社会・政治 投稿日:2021.06.30 16:00FLASH編集部

キャラクタービジネスで大成功したディズニー、師匠はチャップリンだった

チャップリンとウォルト・ディズニー(1939年)

 

 チャーリー・チャップリンは、ウォルト・ディズニーに長編アニメを作る時の心得を授けた。それは、人々が共感できる主人公、ストーリーとテーマの重要性であった。

 

「チャーリーは私に、最上のコメディにおいて、人は主人公に同情しなければならないということを教えてくれた。主人公の行ないに笑う前に、主人公のために涙を流さなくてはいけない、と」

 

 

 大変な借金を抱えながら、1937年、ようやく長編アニメ『白雪姫』が完成するも、ディズニーには長編映画を公開するためのノウハウがなかった。

 

 頼みの綱の配給会社UAは『白雪姫』の公開をしないと決定した。チャップリン以外の取締役が反対したのだ。新しい配給会社RKOとの交渉の中で、ディズニー社は不利な条件を飲まされてしまう危険性があった。

 

 その時助けてくれたのもチャップリンだった。彼はディズニーを励まし、「君の映画は長い間生き続ける。僕のアドヴァイスは全作品の権利を自分のものにすることだ。もし所有していない権利があれば買い戻すのだ」と言って、あくまで自分の権利を保持し続けるように言った。

 

 そして、彼はなんと『モダン・タイムス』を配給した時の資料一式を惜しげもなくディズニーに提供した。ディズニーは、RKOに対してチャップリンの条件を参考に商談をすることができた。

 

 1937年12月21日に行なわれた『白雪姫』のプレミア上映に参加したチャップリンは、七人のこびとの一人であるドーピーのことを「史上もっとも偉大な喜劇人の一人だ」と感想を述べた。やはり、アニメーションこそ自分の後継者であると認識したのだろう。

 

『白雪姫』は、アメリカ国内で400万ドル、海外で400万ドルという未曽有の大ヒットを記録した。

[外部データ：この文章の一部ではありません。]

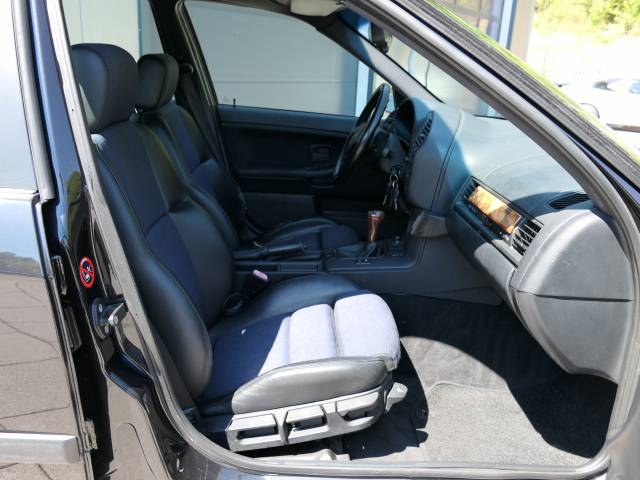 BMW 328i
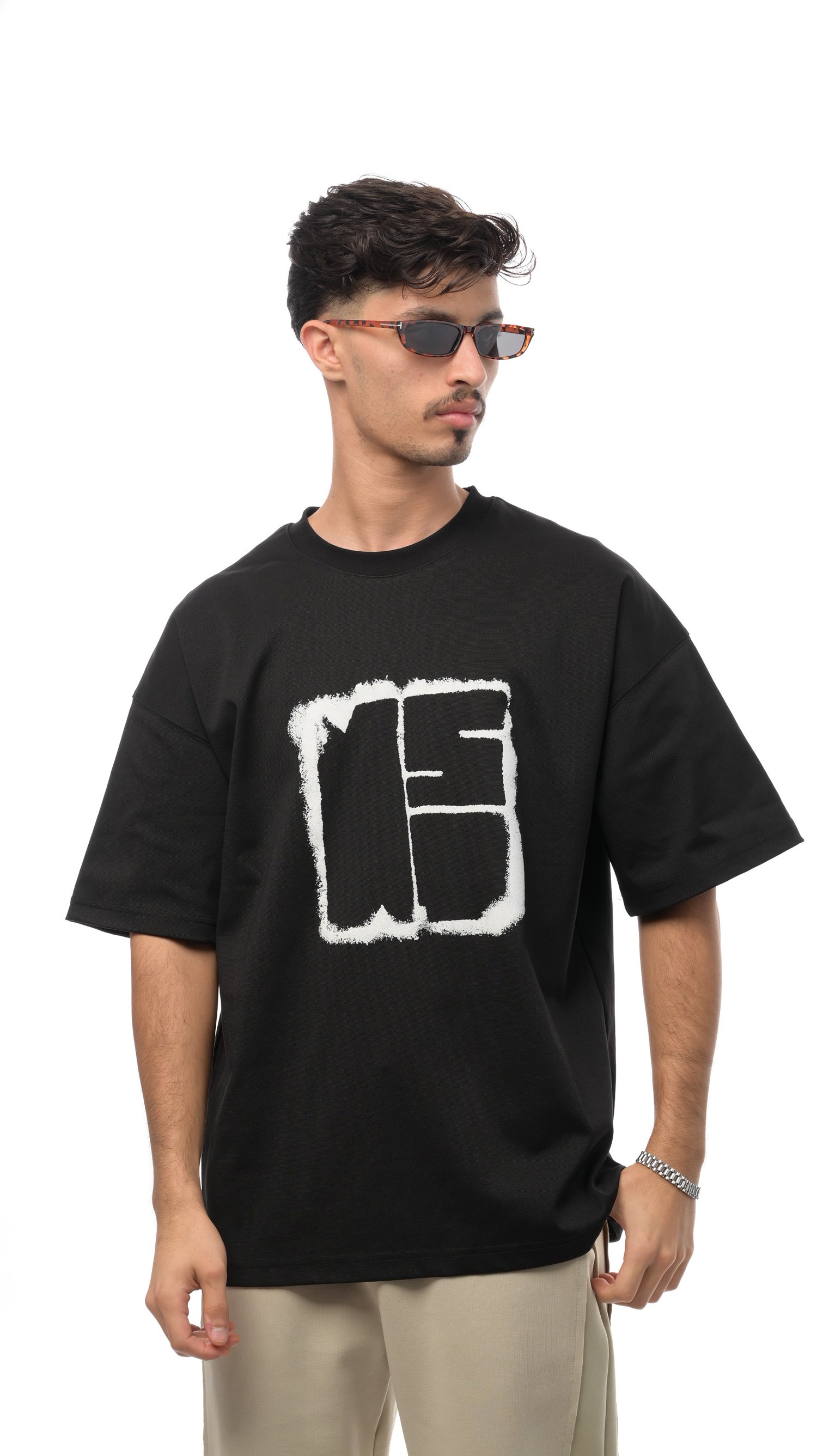 تيشيرت جراند من إكسوبلانت تصميم شبابي مبتكر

公開からしばらく経って、映画ビジネスを教えてくれたチャップリンがわざわざディズニー社の帳簿を見に来たことを、ディズニーは生涯の自慢としていた。

 

 チャップリンがウォルトに教えたもう一つのことは、キャラクター・ビジネスだった。

 

 チャップリンは映画スターとしての肖像権を主張した最初の人物だが、この分野については後発のディズニーの方が、チャップリンを圧倒的に凌駕するようになる。

 

 その理由として、チャップリン本人がキャラクター・グッズにあまり興味を示さなかったことと、それに何と言っても、チャップリンが生身の人間であるのに対して、アニメのキャラクターだったミッキーマウスは商品化しやすかったことがあげられる。

 

 ディズニーがミッキーマウスの商品価値に気づいたのは、1929年のことだ。その頃、ディズニーは子供たちが繰り返しミッキーマウスを見るために映画館に通っていることに気づいた。

 

 また、同時期にロス・アンジェルス郊外のある劇場の支配人が、私的に「ミッキーマウス・クラブ」を作って、週末ごとに子供たちで劇場を満員にしているという話を聞いた。

 

 ある日そこに招待されたディズニーは、1000人の子供たちがミッキーマウスに声援をあげる姿を見て、彼が生み出したキャラクターの力を確信した。ディズニーはミッキーマウス・クラブを全国展開し、1930年中頃にはその会員は100万人を超え、社会現象になった。

 

 週末ごとに映画館に行きたくなるほど愛されているキャラクターを、常に手元に置いておきたいと望む人々が現れるのは時間の問題だった。

 

 1930年代初頭、ニューヨークのホテルに滞在中だったディズニーのもとに、ある男性が子供用のメモ用紙にミッキーマウスを印刷したいので許可が欲しいと訪ねてきた。当時、お金に困っていたディズニーは、300ドルで了解。これがミッキーマウス・グッズの第1号だ。

 

(ちなみに、ディズニー社として初めての正式な契約は、1930年2月3日にニューヨークのジョージ・ポーグフェルド社とミッキー&ミニーの絵のついたおもちゃを作ったことだった)

 

 以後、チャップリンと同じように、様々な商品にミッキーの図柄がプリントされるようになっていった。

 

 当時、他のアニメーションでも、キャラクター・グッズは存在した。しかし、その多くは配給会社が販売したり宣伝のために無料で配布したりするもので、製作者の利益にはなっていない場合が多かった。ディズニーはすべての権利を自分のものにしていたので、グッズの売り上げを製作費に回すことができたのだ。これもチャップリンの教えの賜物であった。

 

 1933年、グッズを専門的に扱う会社としてウォルト・ディズニー・エンタープライズを設立。ブランドの大切さをわかっていたディズニーは、各ジャンルの優良大手企業とだけ契約する方針にした。

 

 その結果、食品大手のゼネラルフーヅはシリアルの箱にミッキーマウスを印刷する権利料として100万ドル払い、宝石のカルティエはミッキーマウスのブレスレットを売り出すなど、大手企業とのコラボレーションでミッキーマウスはますます価値を上げた。

 

 1934年には、ミッキーマウス関連グッズの売り上げは、全世界で7000万ドルとなり、その年の権利収入だけで20万ドルを記録。グッズの権利収入が映画の収入を大きく上回るようになっていった。

 

 

 以上、大野裕之氏の新刊『ディズニーとチャップリン エンタメビジネスを生んだ巨人』(光文社新書)をもとに再構成しました。固い友情と時代に翻弄された離別。知られざる2人の師弟関係とは?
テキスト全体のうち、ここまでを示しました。